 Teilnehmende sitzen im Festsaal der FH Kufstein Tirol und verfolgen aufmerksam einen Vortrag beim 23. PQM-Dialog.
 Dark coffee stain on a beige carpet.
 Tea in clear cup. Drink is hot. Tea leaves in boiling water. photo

* * *

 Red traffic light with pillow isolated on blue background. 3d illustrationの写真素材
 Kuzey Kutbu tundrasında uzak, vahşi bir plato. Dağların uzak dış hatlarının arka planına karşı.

---

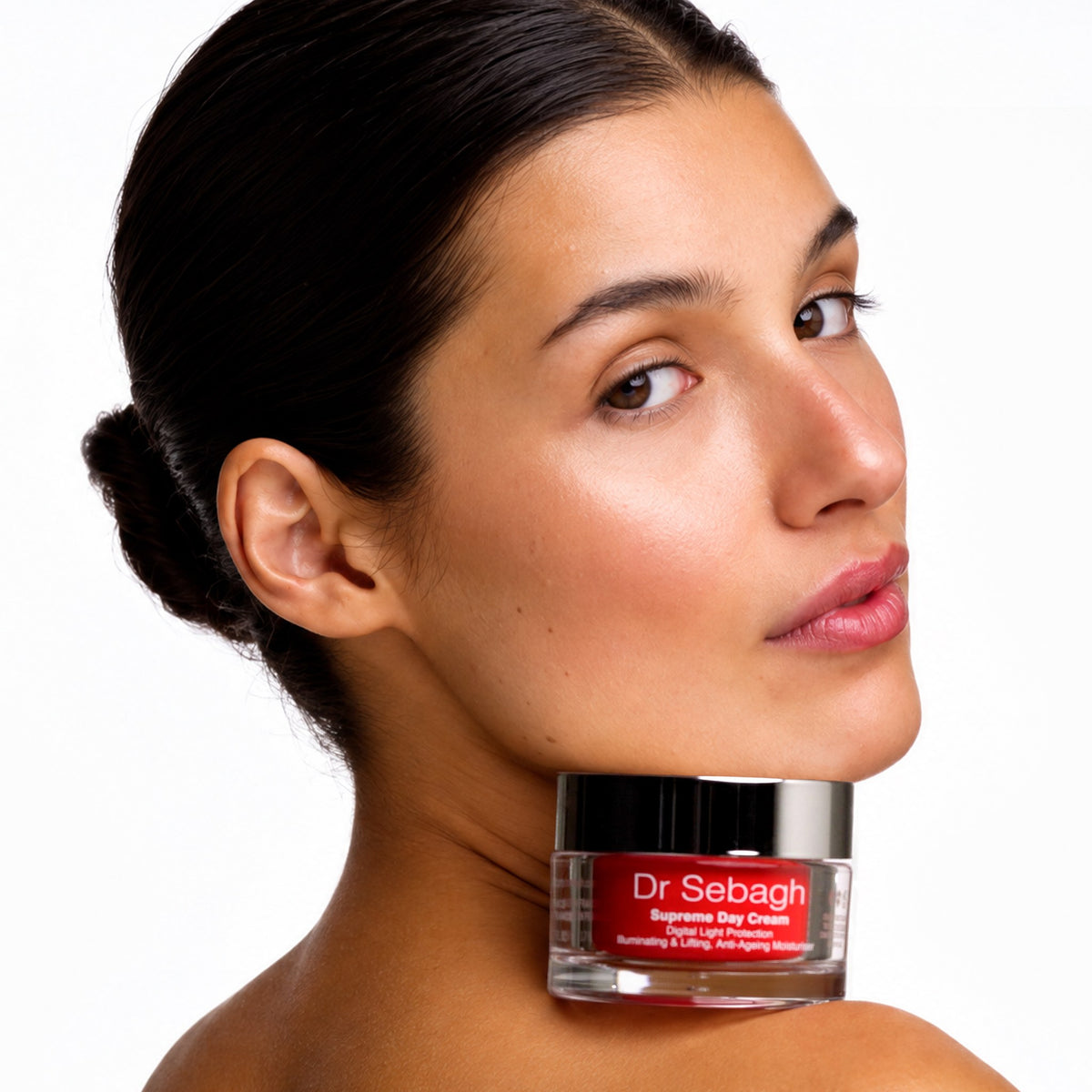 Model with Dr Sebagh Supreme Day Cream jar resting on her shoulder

Work instruction
Considering only the material above, set down every line from the one with "Red traffic light" to the one with "Kuzey Kutbu tundrasında", inclusive, exactly as written.

Task solution
 Red traffic light with pillow isolated on blue background. 3d illustrationの写真素材
 Kuzey Kutbu tundrasında uzak, vahşi bir plato. Dağların uzak dış hatlarının arka planına karşı.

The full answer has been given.